Implementation of global temporary tables?

Started by Pavel Stehulealmost 11 years ago11 messages
#1Pavel Stehule
pavel.stehule@gmail.com

Hello

Six years ago we did discuss about global temporary tables - persistent
schema, ephemeral data.

http://postgresql.nabble.com/idea-global-temp-tables-td2007217.html

I am thinking so some reasons why implement this feature are valid:

* we can get some performance benefit against current temp tables - less
the catalogue bloating,

* we can simplify a static validation of plpgsql functions when temp tables
are used,
more global temp tables are little bit comfortable for developers,

* we can simplify migration from some other databases, where global temp
tables are default.

Some was changed from 2009:

* We have updatable CTE

* We have unlogged tables

Opened questions:

1. Name and conformance with standard of this feature - because we doesn't
support modules, a mapping ANSI -> PG should not be trivial

2. Implementation

I see three possible ways how to implement it:

2.a - using on demand created temp tables - most simple solution, but
doesn't help with catalogue bloating

2.b - using unlogged tables for holding statistics, relfilenode, and all
necessary data

3.c - store ephemeral metadata only in memory without MVCC

Is there still interest about this feature?

Comments, notes?

Pavel

#2Pavel Stehule
pavel.stehule@gmail.com
In reply to: Pavel Stehule (#1)
Re: Implementation of global temporary tables?

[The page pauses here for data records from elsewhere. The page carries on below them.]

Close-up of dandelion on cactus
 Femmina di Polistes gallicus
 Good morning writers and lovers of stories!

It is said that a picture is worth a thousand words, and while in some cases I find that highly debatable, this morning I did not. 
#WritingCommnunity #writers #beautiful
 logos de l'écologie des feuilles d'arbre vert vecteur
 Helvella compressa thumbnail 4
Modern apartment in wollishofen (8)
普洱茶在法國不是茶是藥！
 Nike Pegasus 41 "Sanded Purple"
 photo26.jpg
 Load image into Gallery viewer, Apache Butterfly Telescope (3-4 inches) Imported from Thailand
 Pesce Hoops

2015-02-02 11:15 GMT+01:00 Pavel Stehule <pavel.stehule@gmail.com>:

Hello

Six years ago we did discuss about global temporary tables - persistent
schema, ephemeral data.

http://postgresql.nabble.com/idea-global-temp-tables-td2007217.html

I am thinking so some reasons why implement this feature are valid:

* we can get some performance benefit against current temp tables - less
the catalogue bloating,

* we can simplify a static validation of plpgsql functions when temp
tables are used,
more global temp tables are little bit comfortable for developers,

* we can simplify migration from some other databases, where global temp
tables are default.

I forgot other possible benefit:

* using temp tables on slaves - (needs 3c implementation)

Show quoted text

Some was changed from 2009:

* We have updatable CTE

* We have unlogged tables

Opened questions:

1. Name and conformance with standard of this feature - because we doesn't
support modules, a mapping ANSI -> PG should not be trivial

2. Implementation

I see three possible ways how to implement it:

2.a - using on demand created temp tables - most simple solution, but
doesn't help with catalogue bloating

2.b - using unlogged tables for holding statistics, relfilenode, and all
necessary data

3.c - store ephemeral metadata only in memory without MVCC

Is there still interest about this feature?

Comments, notes?

Pavel

#3Atri Sharma
atri.jiit@gmail.com
In reply to: Pavel Stehule (#1)
Re: Implementation of global temporary tables?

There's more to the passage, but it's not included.